[[ AVAILABLE DATA open ]]

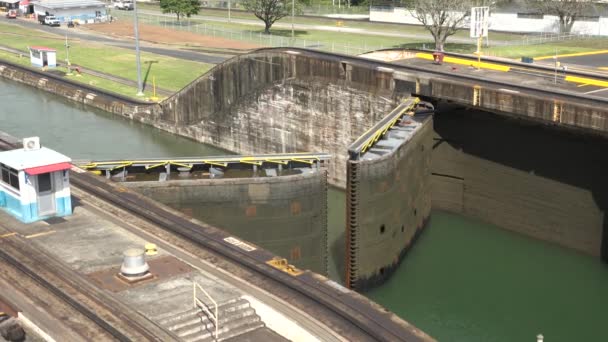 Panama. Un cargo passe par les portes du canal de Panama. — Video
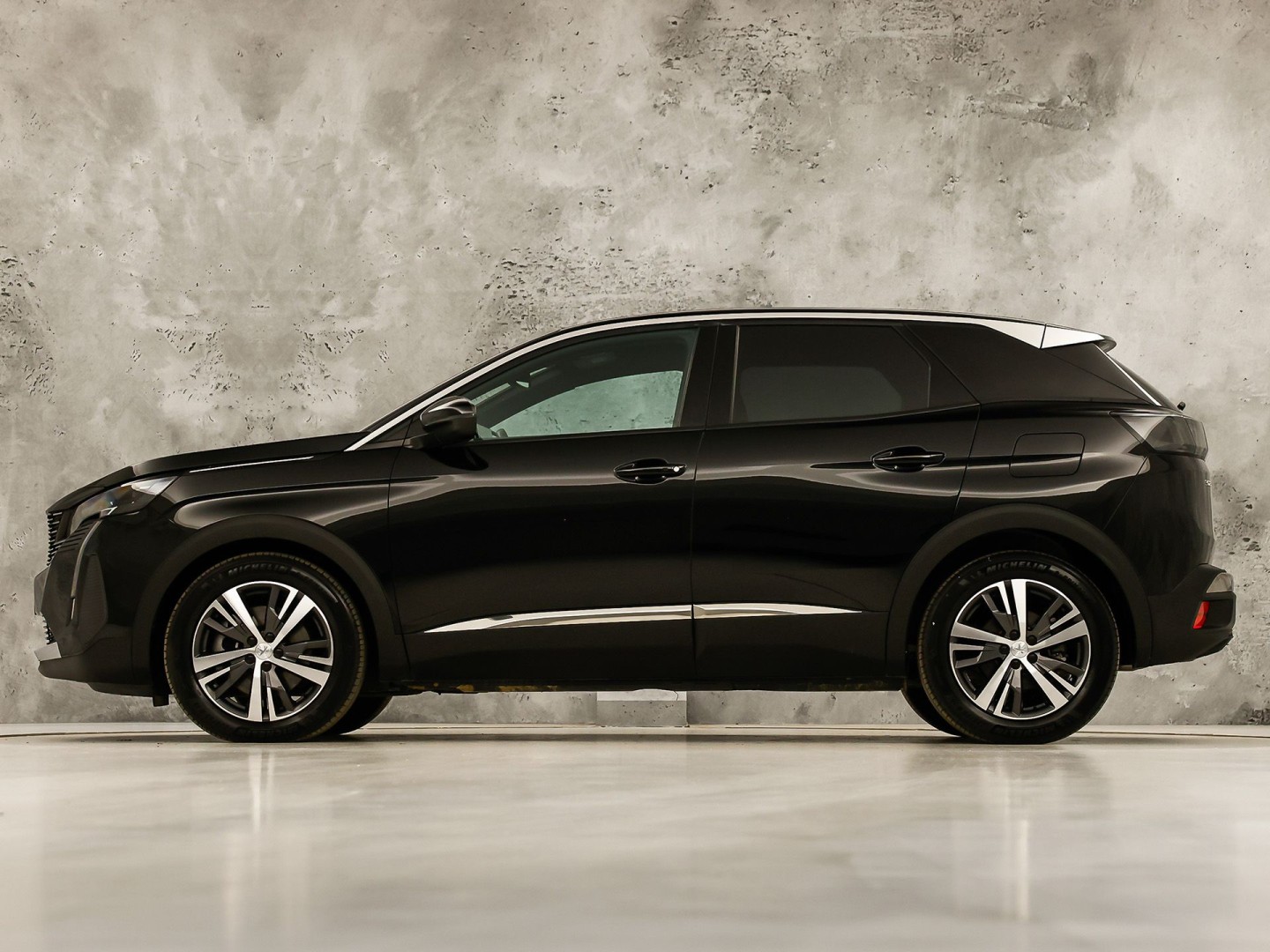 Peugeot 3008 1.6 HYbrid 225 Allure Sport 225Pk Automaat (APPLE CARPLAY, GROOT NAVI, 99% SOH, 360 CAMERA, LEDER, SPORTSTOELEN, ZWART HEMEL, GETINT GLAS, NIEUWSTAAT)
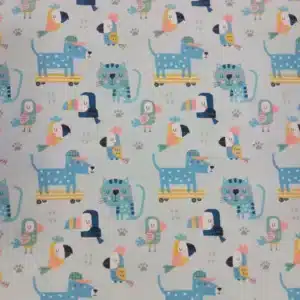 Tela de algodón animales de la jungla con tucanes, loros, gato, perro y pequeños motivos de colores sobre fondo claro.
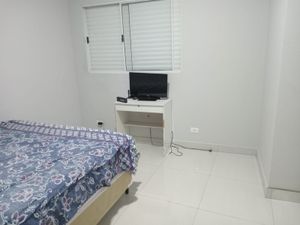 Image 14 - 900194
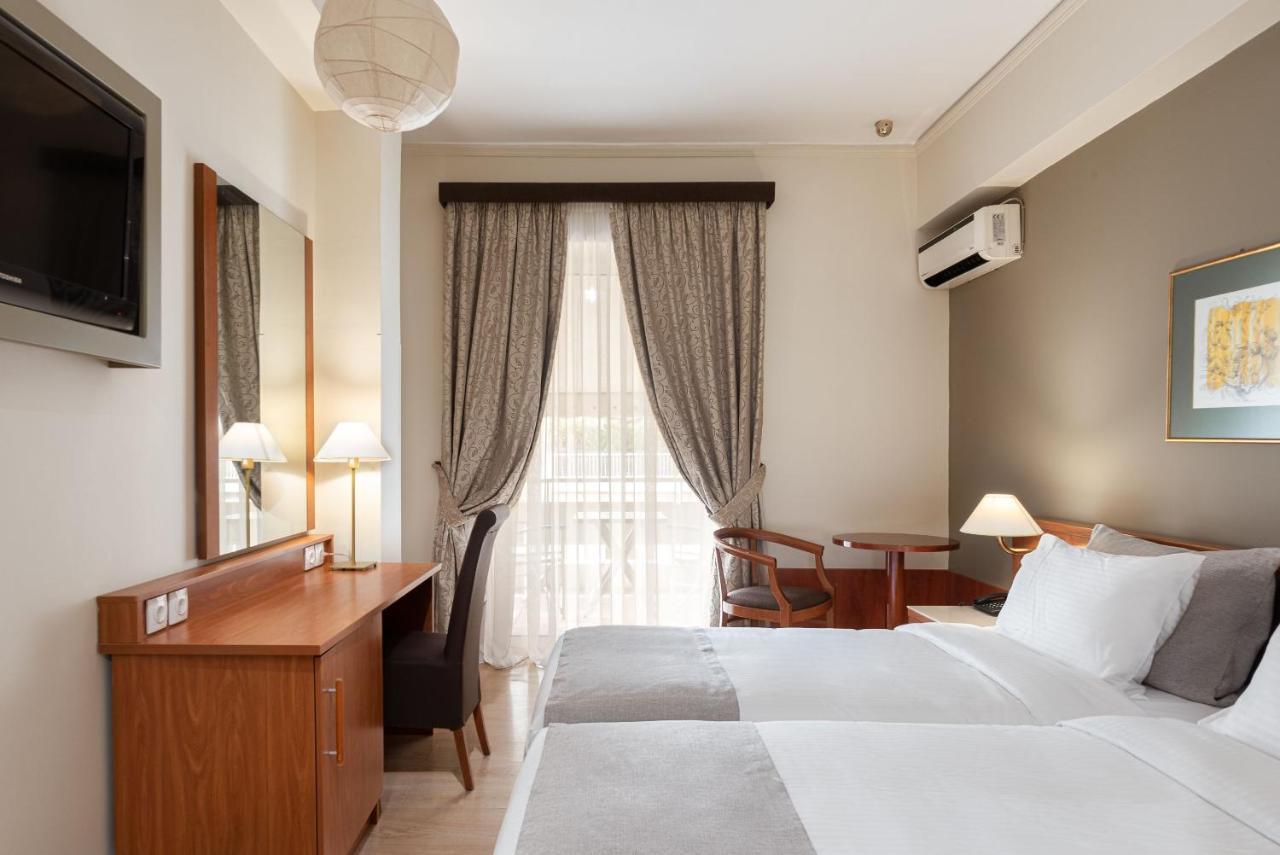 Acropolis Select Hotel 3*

[[ AVAILABLE DATA closed ]]

## WHAT YOU NEED TO DO
Leaving the pictures out, set down all of the data again exactly.

## EXERCISE RESULT
 Panama. Un cargo passe par les portes du canal de Panama. — Video
 Peugeot 3008 1.6 HYbrid 225 Allure Sport 225Pk Automaat (APPLE CARPLAY, GROOT NAVI, 99% SOH, 360 CAMERA, LEDER, SPORTSTOELEN, ZWART HEMEL, GETINT GLAS, NIEUWSTAAT)
 Tela de algodón animales de la jungla con tucanes, loros, gato, perro y pequeños motivos de colores sobre fondo claro.
 Image 14 - 900194
 Acropolis Select Hotel 3*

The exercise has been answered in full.